I mostly code like this now:
  data.map!(x => transform(x)).copy(output);

It's convenient and reads nicely, but it's generally inefficient.
This sort of one-by-one software design is the core performance
problem with OOP. It seems a shame to be suffering OOP's failures even
when there is no OOP in sight.

A central premise of performance-oriented programming which I've
employed my entire career, is "where there is one, there is probably
many", and if you do something to one, you should do it to many.
With this in mind, the code I have always written doesn't tend to look
like this:
  R manipulate(Thing thing);

Instead:
  void manipulateThings(Thing *things, size_t numThings, R *output,
size_t outputLen);

Written this way for clarity. Obviously, the D equiv uses slices.

All functions are implemented with the presumption they will operate
on many things, rather than being called many times for each one.
This is the single most successful design pattern I have ever
encountered wrt high-performance code; ie, implement the array version
first.

The problem with this API design, is that it doesn't plug into
algorithms or generic code well.
  data.map!(x => transformThings(&x, 1)).copy(output);

I often wonder how we can integrate this design principle conveniently
(ie, seamlessly) into the design of algorithms, such that they can
make use of batching functions internally, and transparently?

Has anyone done any work in this area?

Ideas?

Sep 04 2016

rikki cattermole <rikki cattermole.co.nz> writes:

On 05/09/2016 5:08 PM, Manu via Digitalmars-d wrote:
 I mostly code like this now:
   data.map!(x => transform(x)).copy(output);

 It's convenient and reads nicely, but it's generally inefficient.
 This sort of one-by-one software design is the core performance
 problem with OOP. It seems a shame to be suffering OOP's failures even
 when there is no OOP in sight.

 A central premise of performance-oriented programming which I've
 employed my entire career, is "where there is one, there is probably
 many", and if you do something to one, you should do it to many.
 With this in mind, the code I have always written doesn't tend to look
 like this:
   R manipulate(Thing thing);

 Instead:
   void manipulateThings(Thing *things, size_t numThings, R *output,
 size_t outputLen);

 Written this way for clarity. Obviously, the D equiv uses slices.

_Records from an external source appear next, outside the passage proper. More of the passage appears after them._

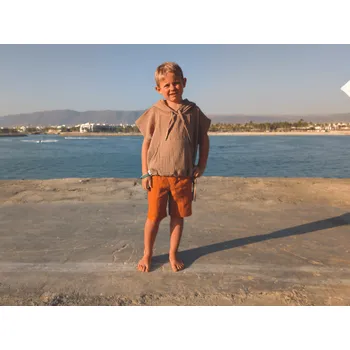 Chlapecké kraťasy Nelly Dětské kraťasy ze 100% lnu - oranžové velikost: 128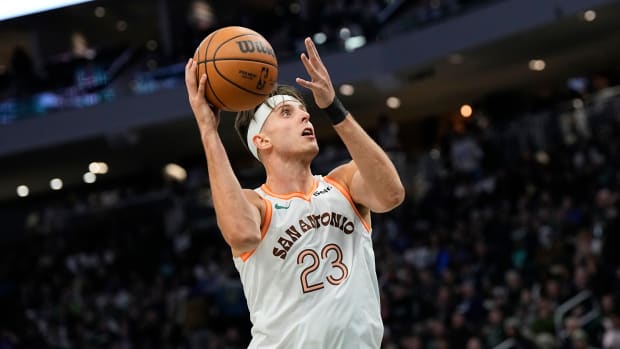 Dec 19, 2023; Milwaukee, Wisconsin, USA; San Antonio Spurs center Zach Collins (23) shoots during the third quarter against the Milwaukee Bucks at Fiserv Forum.
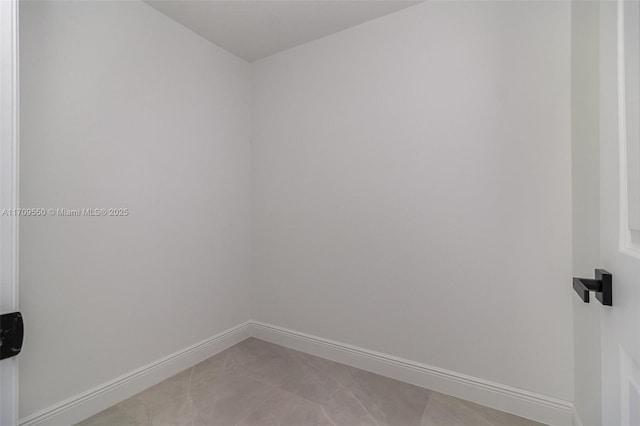 spare room with baseboards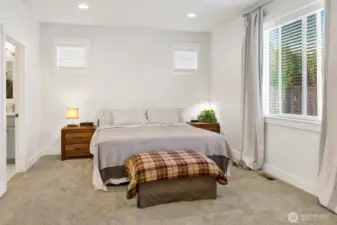 The primary suite is a true retreat, featuring an attached en-suite with a soaking tub, separate shower, enclosed toilet, double sinks, and a spacious walk-in closet.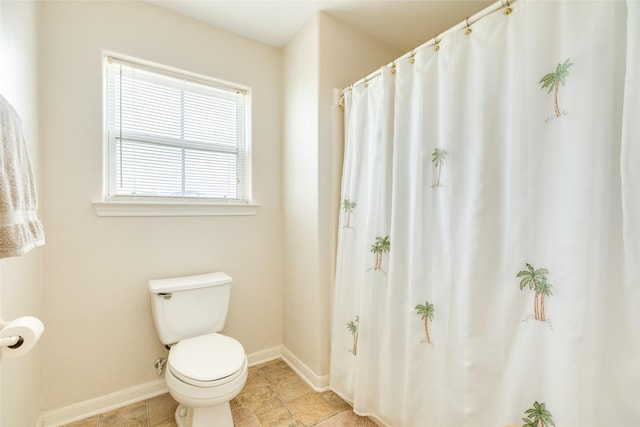 bathroom with toilet and baseboards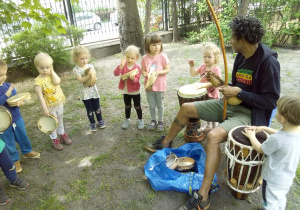 Tuptusie w ogrodzie przedszkolnym podczas zajęc Capoeira graja na instrumentach perkusyjnych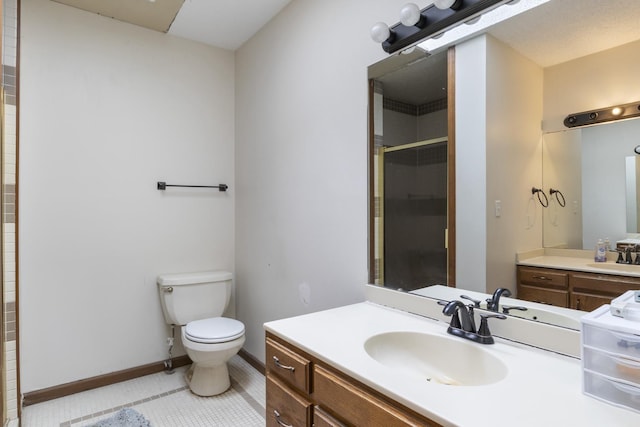 bathroom with an enclosed shower, vanity, tile patterned flooring, and toilet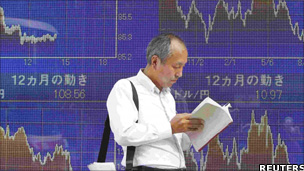 Man stands in front of an electronic board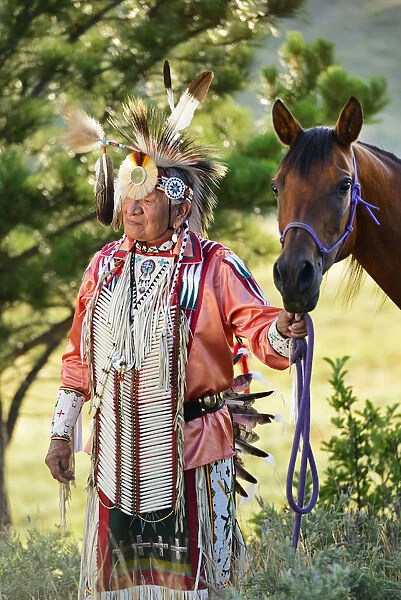 Lakota Indian in the Black Hills with Horse, Western South Dakota, USA. MR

 All functions are implemented with the presumption they will operate
 on many things, rather than being called many times for each one.
 This is the single most successful design pattern I have ever
 encountered wrt high-performance code; ie, implement the array version
 first.

 The problem with this API design, is that it doesn't plug into
 algorithms or generic code well.
   data.map!(x => transformThings(&x, 1)).copy(output);

 I often wonder how we can integrate this design principle conveniently
 (ie, seamlessly) into the design of algorithms, such that they can
 make use of batching functions internally, and transparently?

 Has anyone done any work in this area?

 Ideas?

Just a random idea:

import std.array : front, popFront, empty;
import std.range : ElementType, isInputRange;
int[] transformer(I)(I from, int[] buffer) if (is(ElementType!I == int) 
&& isInputRange!I) {
	size_t used;

	// ... transformation algo

	return buffer[0 .. used];
}

auto got = input.transformer(buffer).usage;

Input range instead of straight array being passed in so it works on 
pretty much any input arrays or input ranges.

Sep 04 2016

Andrei Alexandrescu <SeeWebsiteForEmail erdani.org> writes:

On 9/5/16 7:08 AM, Manu via Digitalmars-d wrote:
 I mostly code like this now:
   data.map!(x => transform(x)).copy(output);

 It's convenient and reads nicely, but it's generally inefficient.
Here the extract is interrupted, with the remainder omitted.